# First Thread!



## Primitive Screwhead

Sorry.. just had to 



But I am looking forward to this new product, so I better as a decent question....

Are you going to incorperate Gygax's population breakout for the criminal organzation per his book "The Canting Crew"

It is a pretty good breakdown and builds a solid base for Guilds and other activities.


----------



## RangerWickett

*lights up a cigarette* 

*sits quietly*

*acts enigmatically*

*reads the Wikipedia article on LOST*


----------



## UnknownAtThisTime

When will the 8th adventure module be released?

I kid, I kid.


----------



## Morrus

What new forum?  There is no new forum.  It's all in your mind!


----------



## jonesy

If it's all in our minds then my mind won't mind if I wait here and mind my business. 

Sort of appropriate that there's a thread about guns in fantasy going on in general.


----------



## Morrus

jonesy said:


> Sort of appropriate that there's a thread about guns in fantasy going on in general.




Funny, that.


----------



## Ragnar_Deerslayer

Will ZEITGEIST be for 3.5, or will it be 4e only?  The description I read on RPGfreelancer seemed to imply 4e, with the references to Shadowfell and such, but I'm holding out hope for a 3.5 edition.

(I'm currently running WotBS in 3.5/Trailblazer and loving it! - as are my players!)

Ragnar


----------



## Primitive Screwhead

Morrus said:


> What new forum?  There is no new forum.  It's all in your mind!




But if this forum is a figment of my imagination, and the world is a figment of my uncles imagination..... what are the wings of the bread-and-butterfly made of.. wheat? multi-grain? Gongonzela-Chedder Italian?


----------



## RangerWickett

Cheddar? Perhaps that suits the rabble in their warrens, but I thought we were men of culture.

Truly, few things compare to watching a Crisillyiran opera while partaking of some leaf of Nicodemus, Cheragian wine, and bormago cheese. The best things in life are finely aged.


----------



## mach1.9pants

Zeitgeist (German pronunciation: [ˈtsaɪtɡaɪst]) is "the spirit of the times" or "the spirit of the age." [1] Zeitgeist is the general cultural, intellectual, ethical, spiritual, and/or political climate within a nation or even specific groups, along with the general ambience, morals, sociocultural direction, and mood associated with an era.

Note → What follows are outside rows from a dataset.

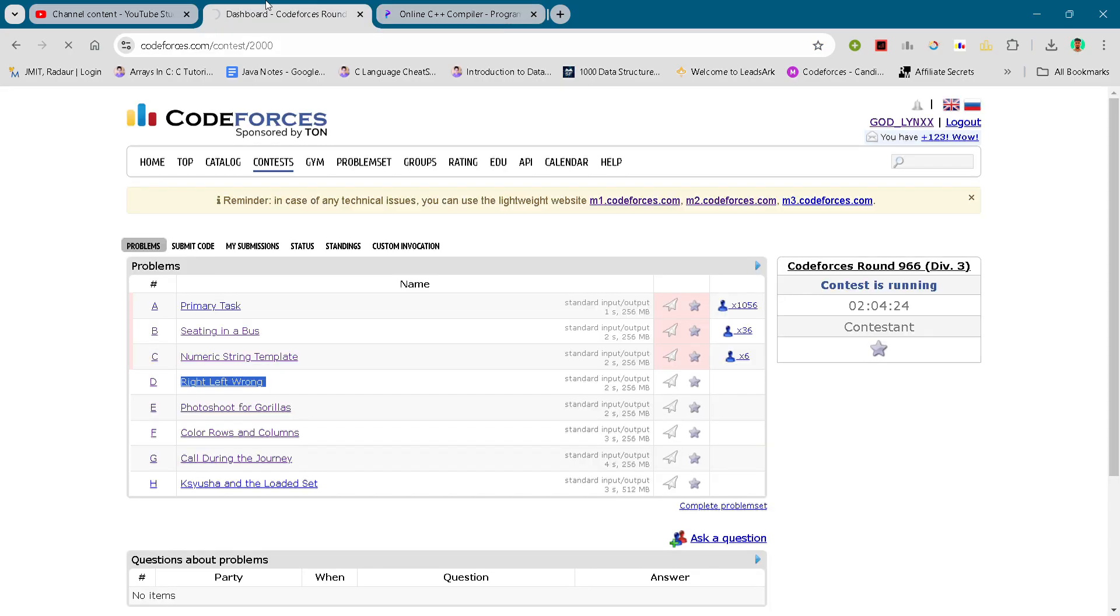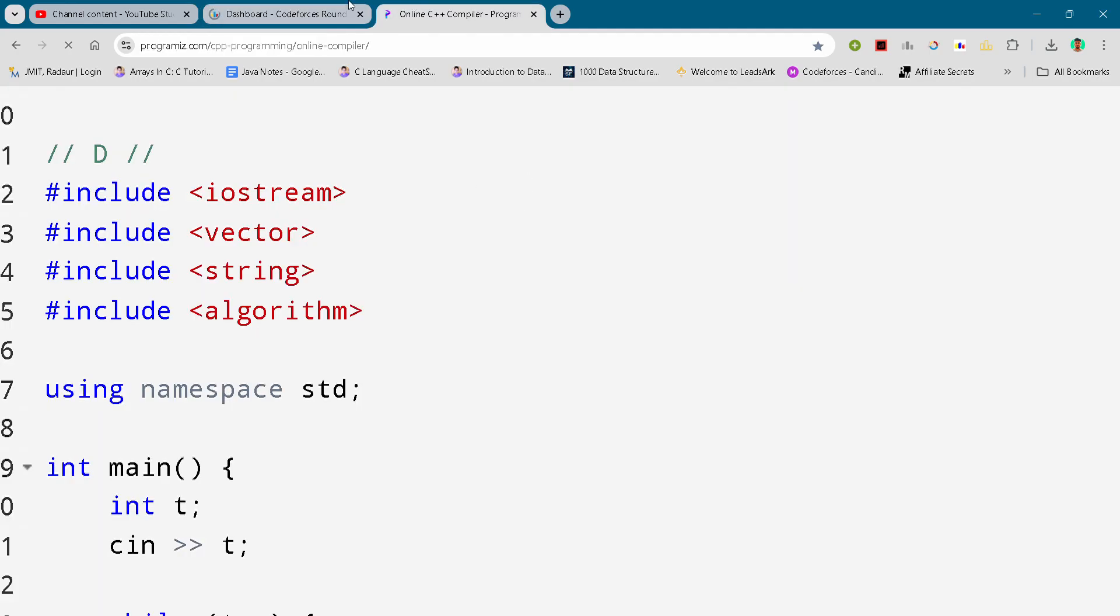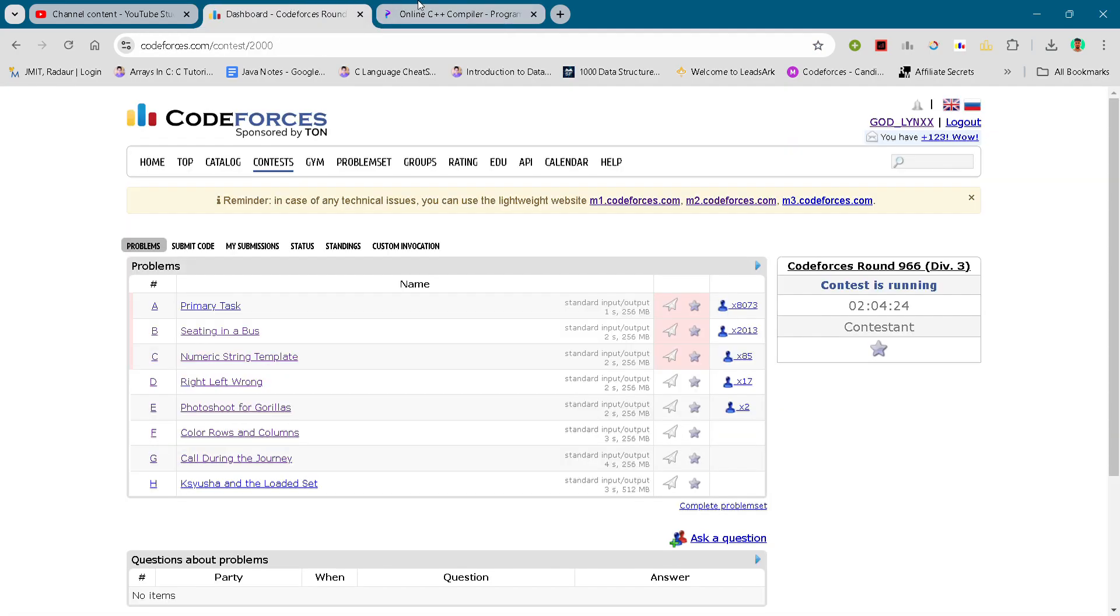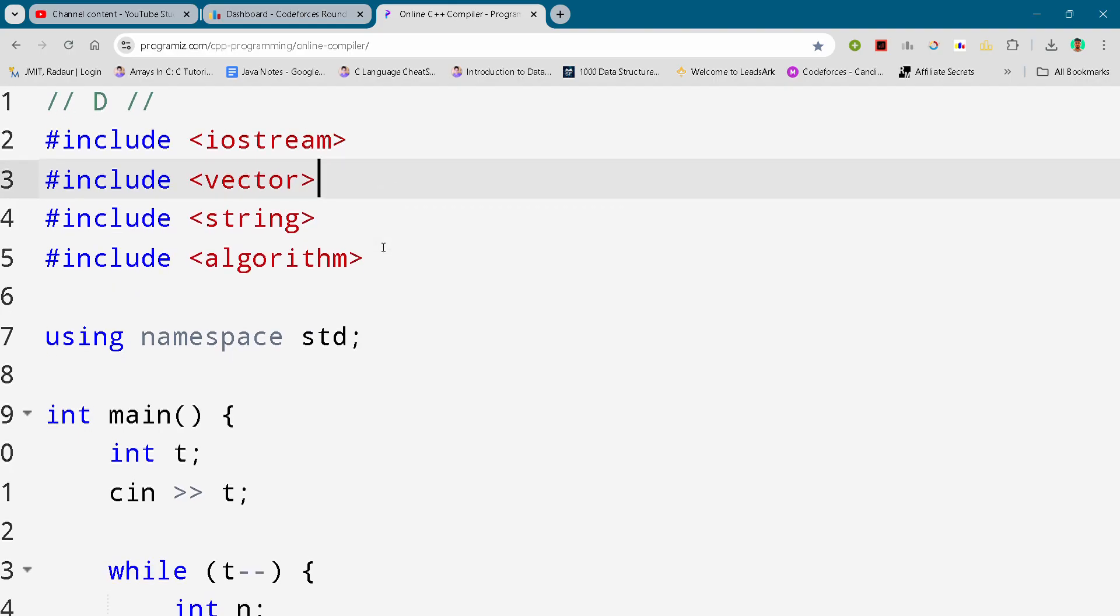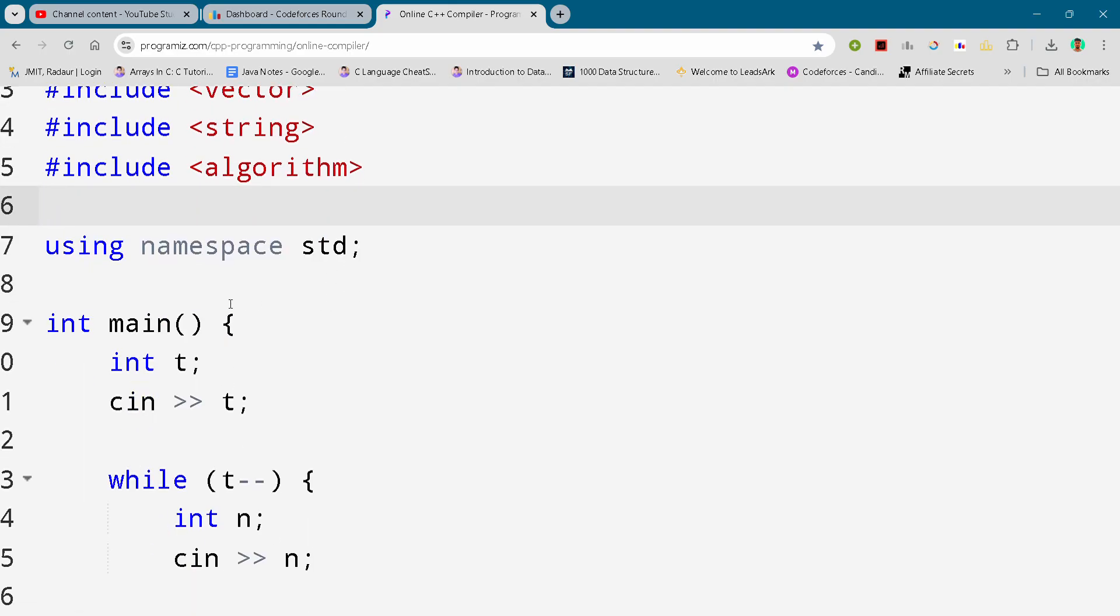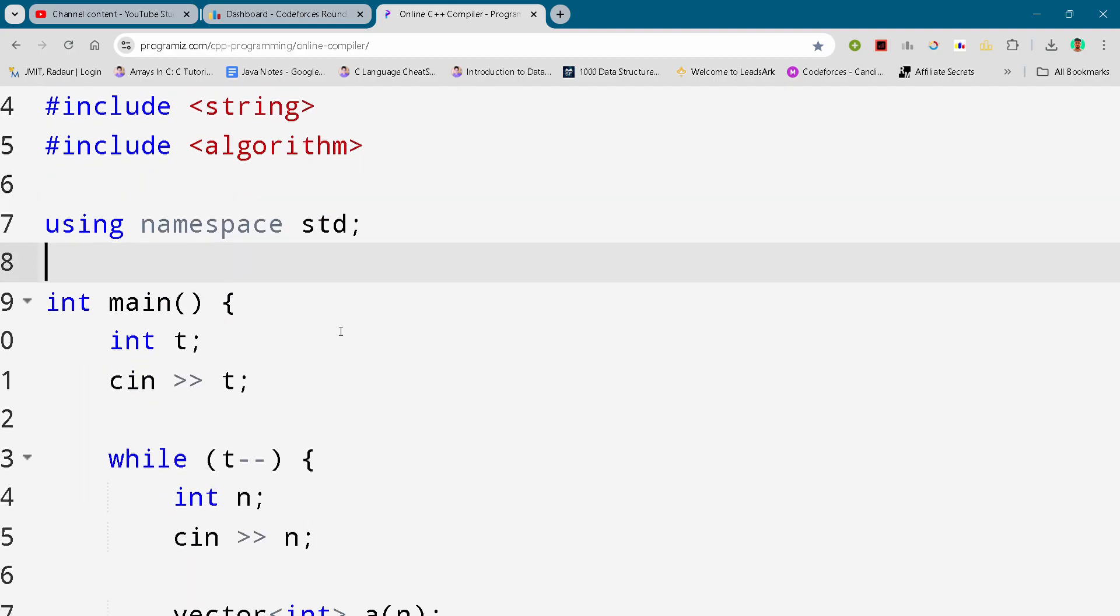Without wasting any time, I'll just show you the solution and you can slow down your video and pause to write your code. So let's get started. Here you can see the code. I won't waste much time explaining the code.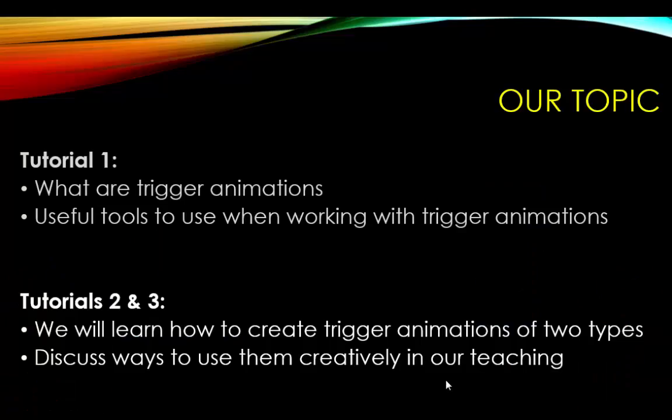So in this tutorial we have covered trigger animation of type one, when you click on something and something else gets animated. And in the next tutorial we will learn about the next type of trigger animation, when you click on something and that triggers animation within the same object. Thank you very much.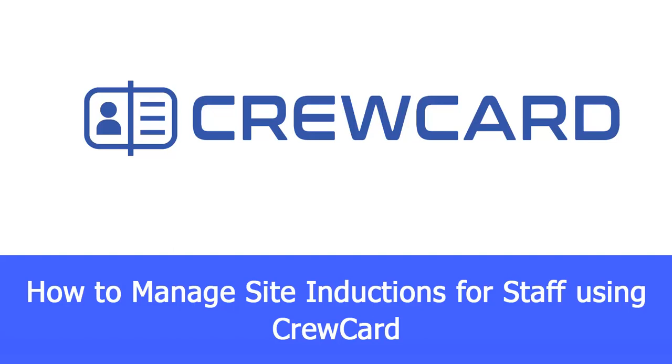How to manage site inductions for staff using CrewCard. In this video, you will learn that CrewCard has created a simple method to allow your staff to upload their inductions directly into the app to save operations managers from needing to micromanage this process.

Well that helps, I don't even understand the definition!


----------



## Primitive Screwhead

Hm.. well, combine that definition along with the title art and sub-title "Gears of Revolution".. and I get a very distinct industrial revolution/steam-punk vibe...


----------



## Jan van Leyden

RangerWickett said:


> *reads the Wikipedia article on LOST*




*applauds on excellent choice for inspiration*


----------



## JeffB

OK so what is this stuff and why is there a  paragraph of this material in a big brown font taking up space on every page?


----------



## Morrus

Looks more orange than brown to me.


----------



## I'm A Banana

> Truly, few things compare to watching a Crisillyiran opera while partaking of some leaf of Nicodemus, Cheragian wine, and bormago cheese. The best things in life are finely aged.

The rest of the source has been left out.